L’Ensemble Trielen réunit trois musiciens brestois attestant de l’excellence de l’école française de vents. Les interprètes déploient de belles qualités d’équilibre et de précision. Ils nous insufflent leur allégresse, nous enthousiasment par leur virtuosité et leur dynamisme nous entrainent dans un tourbillon de bonne humeur. C’est gouailleur, frais, léger, pétillant jusqu’à l’excès, cela ne s’appesantit jamais, même lorsque l’on souhaiterait un peu plus de profondeur, d’abandon ou de poésie dans certains mouvements lents (notamment chez Ibert). Une réjouissance antimorosité dont il ne faut guère se priver en ce moment.

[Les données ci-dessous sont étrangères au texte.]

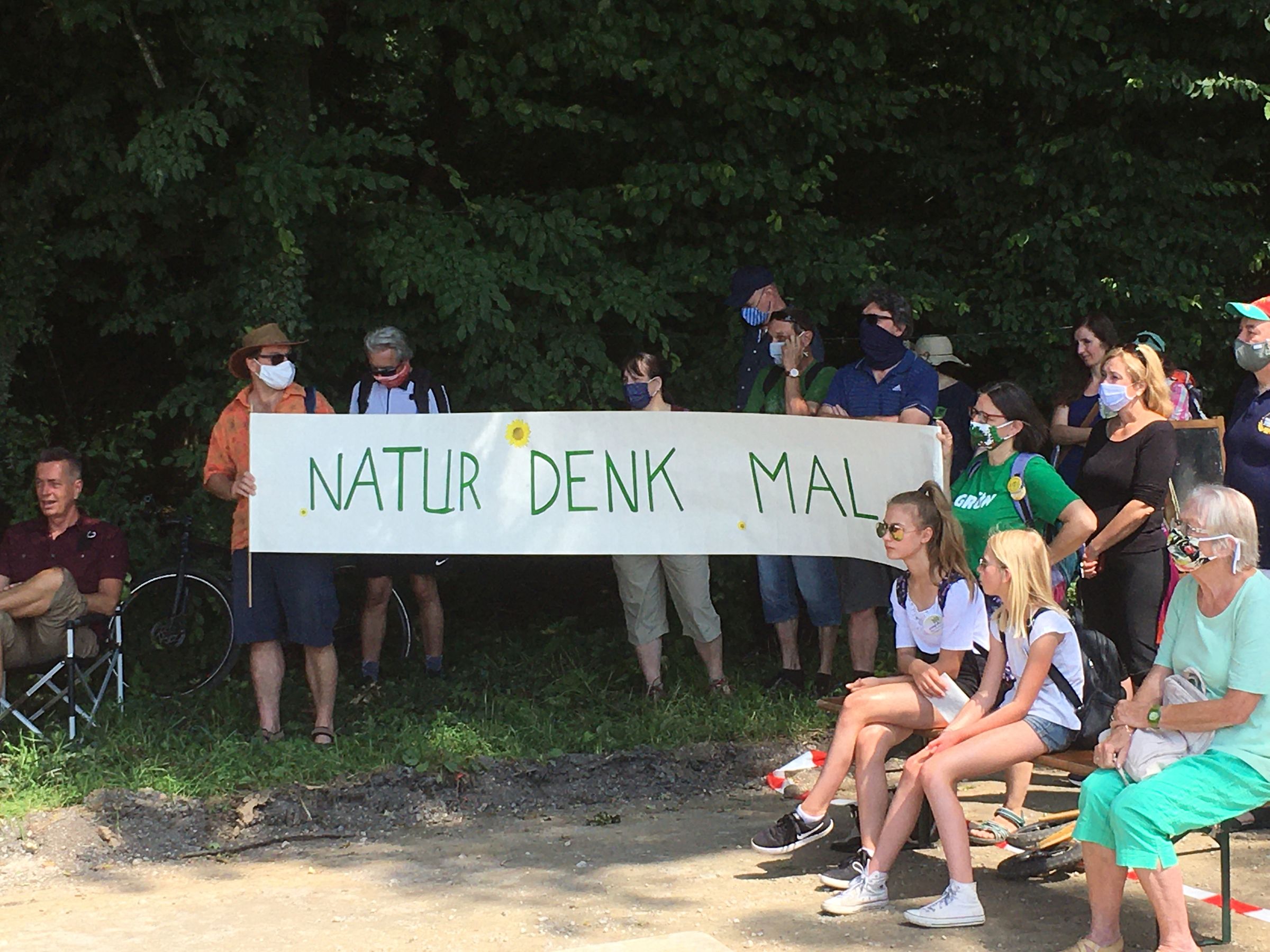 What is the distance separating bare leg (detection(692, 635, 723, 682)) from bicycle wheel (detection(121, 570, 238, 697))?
261 cm

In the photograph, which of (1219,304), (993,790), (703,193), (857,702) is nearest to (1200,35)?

Musique française pour trio d’anches par l’Ensemble Trielen, 1 CD Ad Vitam, AV150230, 50 mn, 16 €
Fleurons violonistiques de l’école belge
Instrumentistes confirmées, Elena Lavrenov et Aurélie Gilmard défendent avec beaucoup de chaleur, de charme et d’élégance la fine fleur de l’école belge de composition. Intelligemment conçu, leur récital rassemble des pièces de choix signées Franck (Andantino quietoso), Ysaÿe (sensible Rêve d’enfant), Vieuxtemps et Marsick (deux belles Rêveries), de Bériot (une entrainante Scène de Ballet). La dynamique première Sonate de Baiwir, cadet de cette prestigieuse lignée, s’ancre dans un néo-classicisme revendiqué. Si elle semble volontairement négliger les évolutions de la modernité, elle demeure pétrie de l’efficacité de la musique de film hollywoodienne. Ce programme stylistiquement cohérent s’achève par un Baiwir convainquant dans l’exercice de la variation (on se souvient de ses deux ébouriffants cahiers sur un motif de Paganini). Les Badineries sur un air de Grétry, hommage d’un Liégeois à un autre Liégeois, se révèlent un bijou de distinction virtuose saupoudré d’une pointe d’humour jazzy très bienvenue.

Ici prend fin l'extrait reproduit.